NPS: Experts say that it should be treated like SIP and like mutual funds, its negative return on investment is also temporary. He says that people should pay attention to its benefits.
new Delhi. Although there are many benefits of investing in the National Pension System (NPS), but due to the market-linked scheme, many times the returns start coming in negative. This makes many investors nervous and start reducing their contribution to NPS. Is it right to do so, or should investors keep their investment stable without fear. What do experts say about this, today we are going to tell you this in this article.
National Payment System is a scheme supported by the government. By investing in it, you get 2 benefits after maturity. One is that you take home 60 per cent of the funds generated together. Second, you have to buy an annuity from 40 per cent. Annuity can also be called pension. You get this every month, 3 months, 6 months or on an annual basis. With this, your financial condition remains sound after retirement. NPS is a market linked scheme, so there is some risk in it but the returns are also tremendous.
What is the reason behind the negative return?
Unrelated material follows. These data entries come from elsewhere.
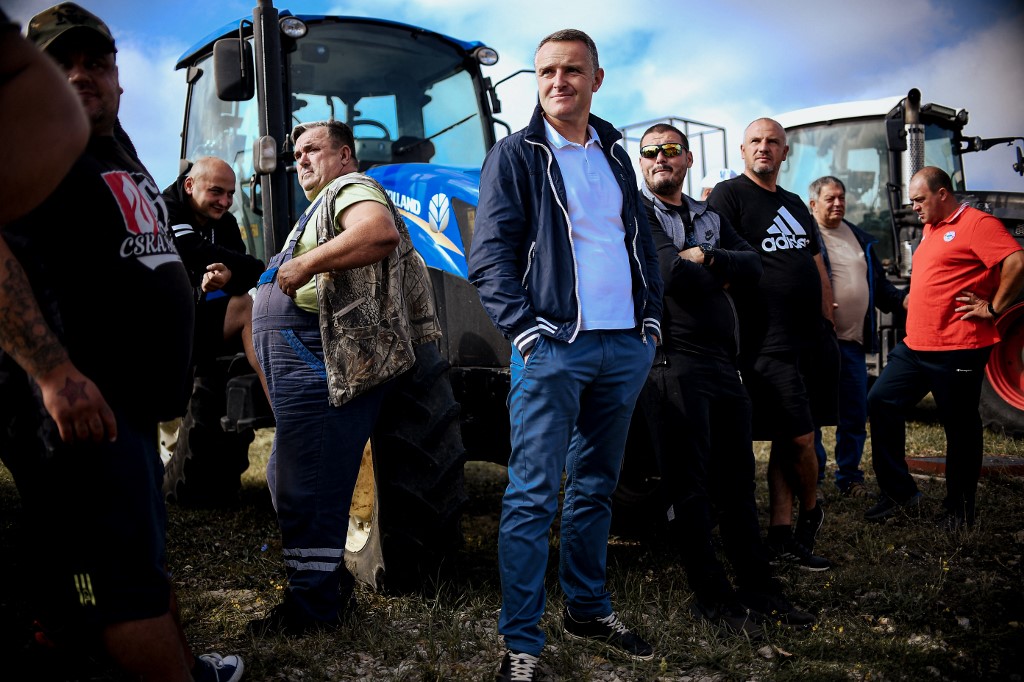 Lezárták az utakat a gazdák az ukrán gabonaimport miatt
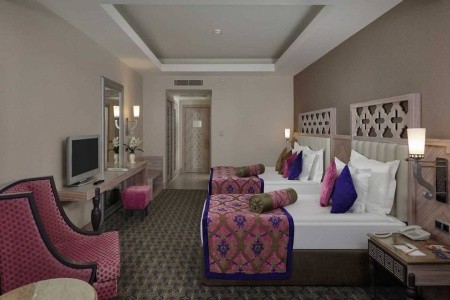 Royal Alhambra Palace - 38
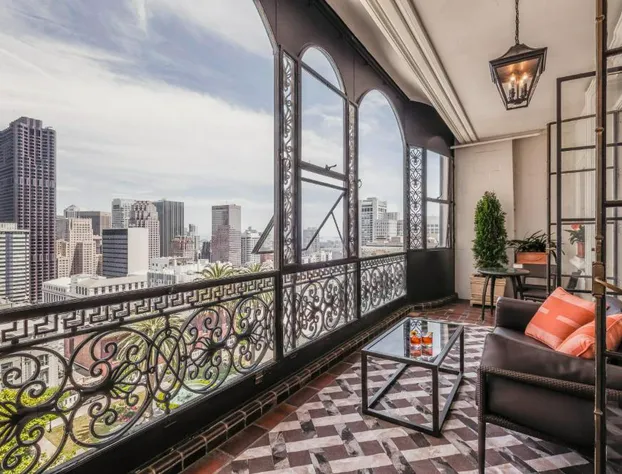 Fairmont San Francisco hotel detail image 4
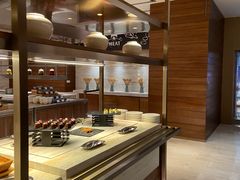 -万荟轩海鲜·粤式点心自助餐厅(蓝海风万怡酒店)
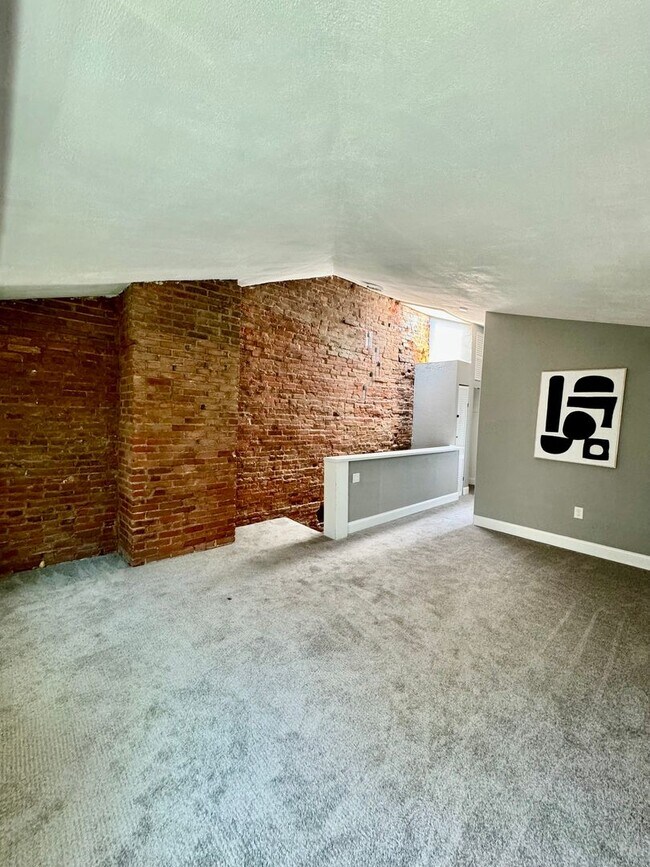 Foto del edificio - 245 E Allen St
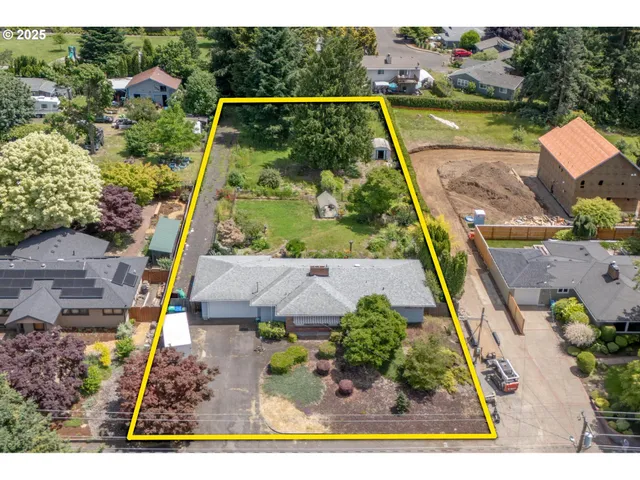 $650,000 | 10912 Southeast Stanley Avenue, Milwaukie, OR 97222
Now let’s talk about the issue for which you have come here. You will not always get strong returns in NPS. In the period of market decline, there will be a decline in the returns of NPS. Satya Nadella, MD and CEO of Kfintech, writes that in the last few years, the way mutual funds are giving negative returns, almost the same situation has happened with NPS. However, he says that there is no need to scare investors from this. He says that equity and debt markets have underperformed in recent times, so you should keep increasing your investment in NPS. He believes that people should look at NPS just like a SIP. According to Nadella, the main reason for the decline in the returns of MFs in recent times is the market leaning towards large cap stocks. He said that whenever this happens in the market, schemes related to equity tend to go down.
What should investors do
He says that investors should not panic due to the ups and downs in the market and should maintain their investment in NPS. He said that instead of worrying about the decline in NPS returns, keep investing keeping in mind its benefits so that you do not have to worry about money in future.